Todos, bons e maus, estão sujeitos às mesmas coisas, tanto a chuva como a sua falta, tanto o bem quanto o mal, não importa. Não se trata de sermos filhos de Deus ou não, de sermos justos ou não, precisamos entender que a maldade está no coração do homem e independente do que possa nos acontecer, devemos sempre, como Cristo, revelar o reino e a vontade do Pai.

Salomão escreve com relação a isso em Eclesiastes, capítulo nove, versículos um e dois: “Deveras me apliquei a todas estas coisas para claramente entender tudo isto: que os justos, e os sábios, e os seus feitos estão nas mãos de Deus; e, se é amor ou se é ódio que está à sua espera, não o sabe o homem. Tudo lhe está oculto no futuro. Tudo sucede igualmente a todos: o mesmo sucede ao justo e ao perverso; ao bom, ao puro e ao impuro; tanto ao que sacrifica como ao que não sacrifica; ao bom como ao pecador; ao que jura como ao que teme o juramento.” (Eclesiastes 9.1-2, BEARA).

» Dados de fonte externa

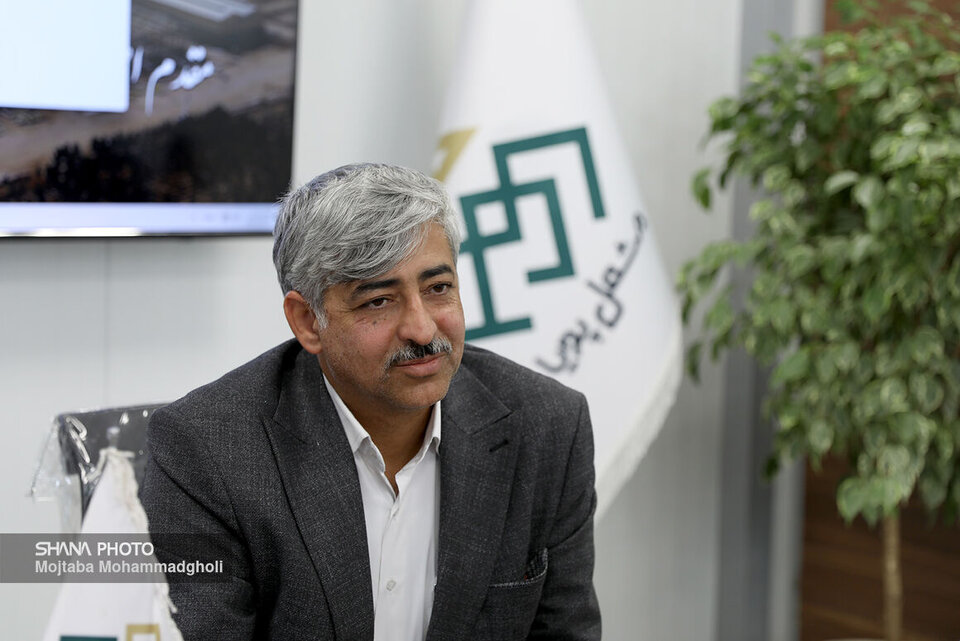 ساخت بزرگترین نیروگاه خورشیدی کشور در هلدینگ پتروپالایشی اصفهان/ پردیس نفت و انرژی «نصف جهان» تشکیل میشود ساخت بزرگترین نیروگاه خورشیدی کشور در هلدینگ پتروپالایشی اصفهان/ پردیس نفت و انرژی «نصف جهان» تشکیل میشود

Temos um pensamento equivocado da vontade de Deus e a nossa falta de conhecimento do Pai nos conduz a pensarmos como religiosos e acharmos que Ele irá nos proteger do mal que está no mundo, no coração do homem. Não!! Precisamos entender que não se trata deste mal que Ele nos guarda, mas do que está em nós, para que não deixemos que ele nos domine e não nos conduza a sermos expressão da vontade do Pai.

A maldade é tão grande que na época de Jesus que Ele expulsou as pessoas do templo, porque o objetivo ali não era o comércio, mas tinham transformado aquele lugar para obtenção de interesses pessoais, como está no evangelho de João, sobre o que Jesus fez e falou, capítulo dois,  versículos dezesseis e dezessete: “e disse aos que vendiam as pombas: Tirai daqui estas coisas; não façais da casa de meu Pai casa de negócio. Lembraram-se os seus discípulos de que está escrito: O zelo da tua casa me consumirá.” (João 2.16–17, BEARA).

Que possamos entender que o mal está em nós e que Cristo veio para nos libertar e nos conduzir à vontade do Pai, para que não vivamos mais pela natureza humana, mas segundo o Espírito, certos que bem ou mal que possa nos sobrevir de outros, é normal e que não estamos guardados disto e que é nossa função, nestas situações, revelar o Pai.